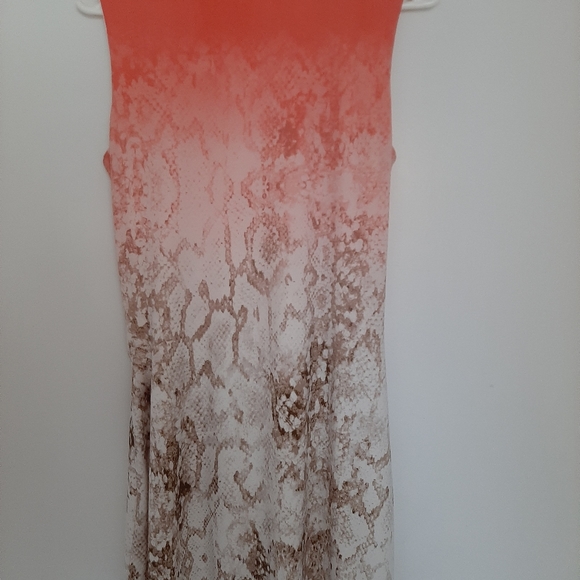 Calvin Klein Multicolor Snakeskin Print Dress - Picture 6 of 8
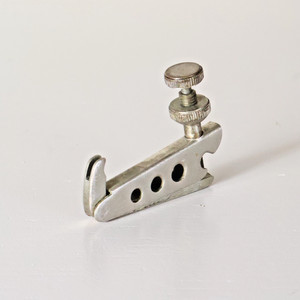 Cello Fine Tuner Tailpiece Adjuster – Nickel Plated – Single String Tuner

******************************

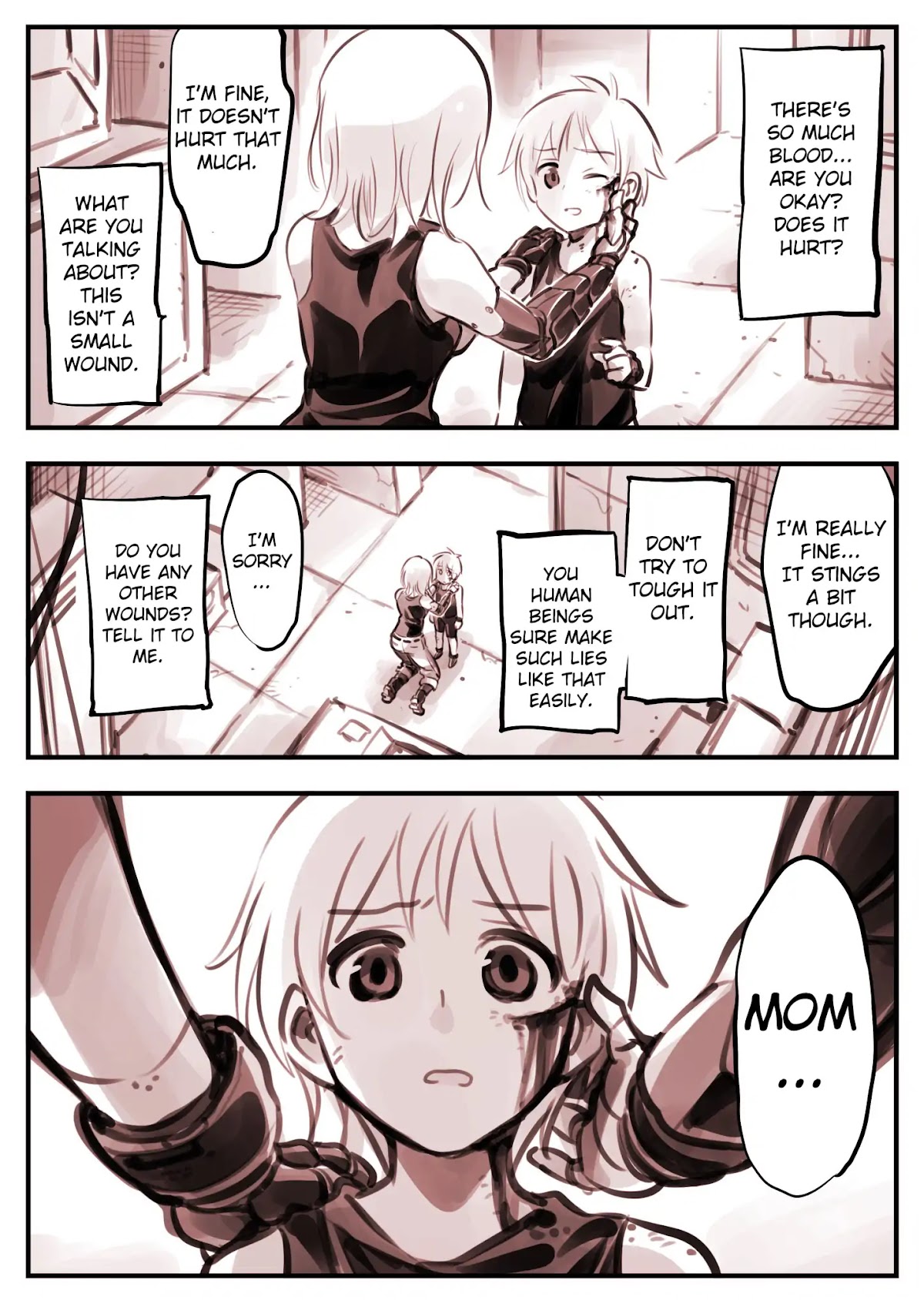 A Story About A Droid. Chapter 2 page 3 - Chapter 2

******************************

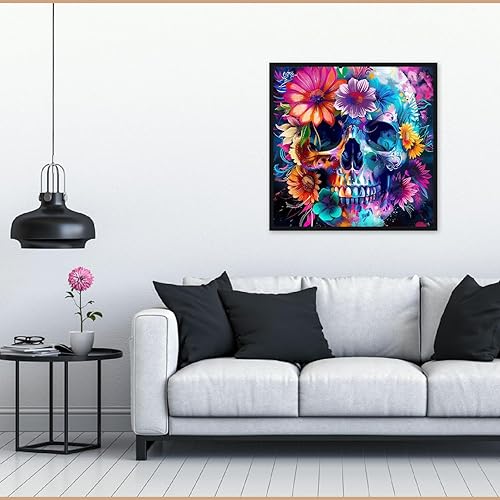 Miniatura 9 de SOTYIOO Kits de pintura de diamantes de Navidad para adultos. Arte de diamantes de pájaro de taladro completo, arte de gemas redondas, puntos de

******************************

**TASK DESCRIPTION:**
Give again, exactly as written above, every line from the one holding "Calvin Klein Multicolor" to the one holding "Cello Fine Tuner", with both ends kept and the pictures left out.

**RESULT FOR THIS EXERCISE:**
 Calvin Klein Multicolor Snakeskin Print Dress - Picture 6 of 8
 Cello Fine Tuner Tailpiece Adjuster – Nickel Plated – Single String Tuner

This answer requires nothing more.